For many of the student dancers, this will be the first time they perform with live music and perhaps the only time they perform for such a large audience, Randall observes.
Randall says “Rent” was “hugely important to me as a dancer living in New York in the early ‘90s, when the story of the play takes place.” At the time, the AIDS epidemic was looming large, “defining so much of the world around us, especially in the theatre and dance communities, where we lost vital members of our communities right and left to the disease.”

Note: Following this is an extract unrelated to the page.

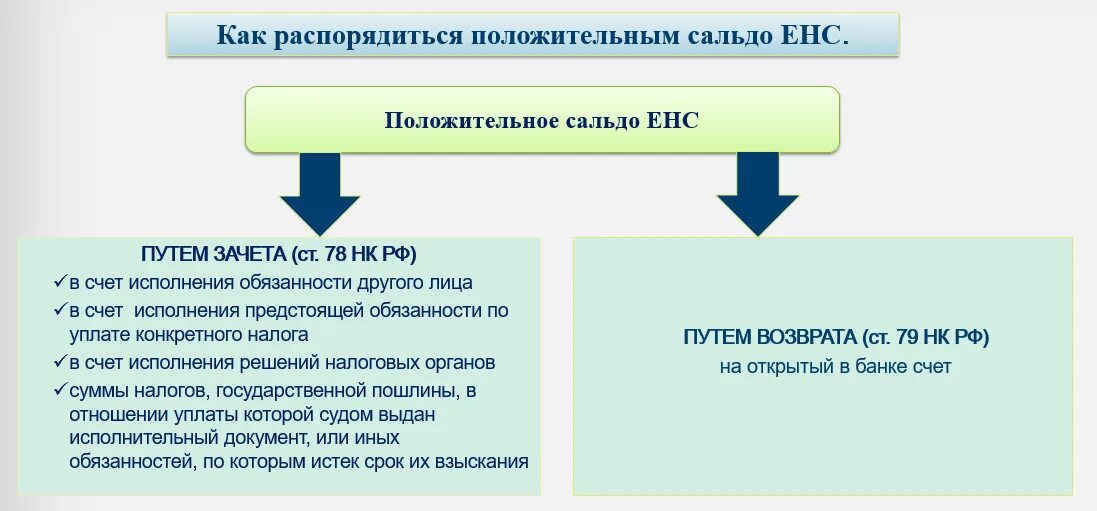 Енс минус. Справка о сальдо ЕНС. Положительное сальдо единого налогового счета это. Использование единого налогового счета. Как проверить положительное сальдо на налоговом счете.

Now that “Rent” has been released as a film, Randall says the musical has been adopted by today’s college students. “What thrills me most about this generation’s response to ‘Rent’ is their ability to be open to the gender and sexuality issues. These kids are much more fluid and accepting, singing ‘Take Me or Leave Me’ at the top of their lungs through the halls without a care that it is a song sung by two women for each other.”
Randall adds that theatre, music and dance can literally move people into new places of awareness and comfort zones through the “kinesthetic intelligences and joys of our forms.” That is how “folks who haven't walked in someone else's shoes are now dancing in them—learning, transformation and acceptance becomes powerfully possible and vital.”
Randall has been working with dancers from her jazz-fusion class since the first day of school, creating different “movement phrases” and spatial groupings.
“It has been spectacular for the students to weave their classroom learning with a performance of this caliber and scope,” she adds. “We are using giant red squares of fabric that transform from ‘bed,’ to billow, adding a dynamic splash to the activities of the field. With so much energy already in place on the field, we wanted to make certain that we didn't compete, but also didn't disappear.”
The red sheets, created by the costume of team Markas Henry, assistant professor, and Ted Stark, senior instructor, “add to the pageantry and playfulness of this event, offsetting our dancers while also giving a nod to the different themes of the musical.”